27602\. (a) A person shall not drive a motor vehicle if a television receiver,
a video monitor, or a television or video screen, or any other similar means
of visually displaying a television broadcast or video signal that produces
entertainment or business applications, is operating and is located in the
motor vehicle at a point forward of the back of the driver’s seat, or is
operating and the monitor, screen, or display is visible to the driver while
driving the motor vehicle.

(b) Subdivision (a) does not apply to the following equipment when installed
in a vehicle:

(1) A vehicle information display. (2) A global positioning display. (3) A
mapping display. (4) A visual display used to enhance or supplement the
driver's view forward, behind, or to the sides of a motor vehicle for the
purpose of maneuvering the vehicle.

(5) A television receiver, video monitor, television or video screen, or any
other similar means of visually displaying a television broadcast or video
signal, if that equipment satisfies one of the following requirements:

(A) The equipment has an interlock device that, when the motor vehicle is
driven, disables the equipment for all uses except as a visual display as
described in paragraphs (1) to (4), inclusive.

(B) The equipment is designed, operated, and configured in a manner that
prevents the driver of the motor vehicle from viewing the television broadcast
or video signal while operating the vehicle in a safe and reasonable manner._

[ there is more regarding displays in vehicles operated by utility companies]

------
diceless
Lets ignore Google Glass for a moment and realize what she was ticketed for
and how it will affect anyone with a cell phone in California.

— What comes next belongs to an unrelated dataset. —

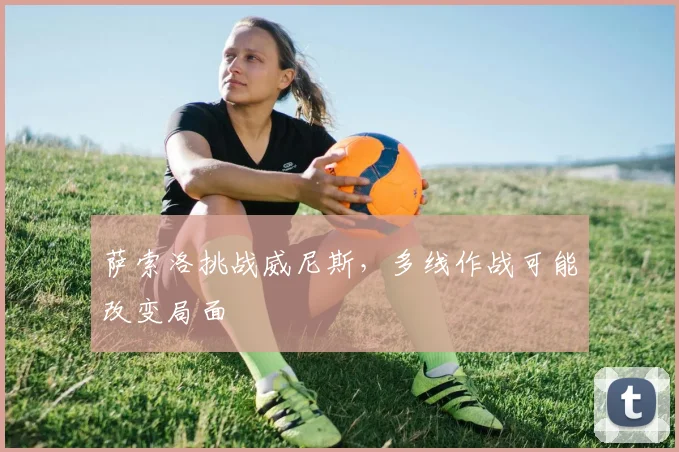 萨索洛挑战威尼斯，多线作战可能改变局面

She was ticked for having a display that could show non-car related
information somewhere within her field of view. Any person that has there cell
phone on their center console could be ticketed under the same law. Have your
cell phone mounted on your dash, your just asking for a ticket if this goes
through. Cops will give whatever ticket they can because they know part of
that ticket will go to their department and pay for extras they like to have.
More tickets, more overtime they get to have.

I fully agree, driving while distracted it bad. Very bad. But to my knowledge
they haven't outlawed drinking coffee or eating yet in the car. Far more
dangerous than being responsible and having your phone mounted in a place were
it doesn't take anymore eye time than your speed speedometer does.

I have my phone mounted on the dash for a simple reason, I want to know who is
calling me. I limit who I take to when I'm driving. I'm not going to take work
calls unless it's my boss and he's fine if I hang up on him if it's important.
I'm going to take calls from my wife, because of the same. But if it's someone
else, I ignore it unless I know it will be urgent and worth the risk of
talking while driving. Yes, I use Bluetooth. But is talking on the phone that
is dangerous, not if you are holding the phone.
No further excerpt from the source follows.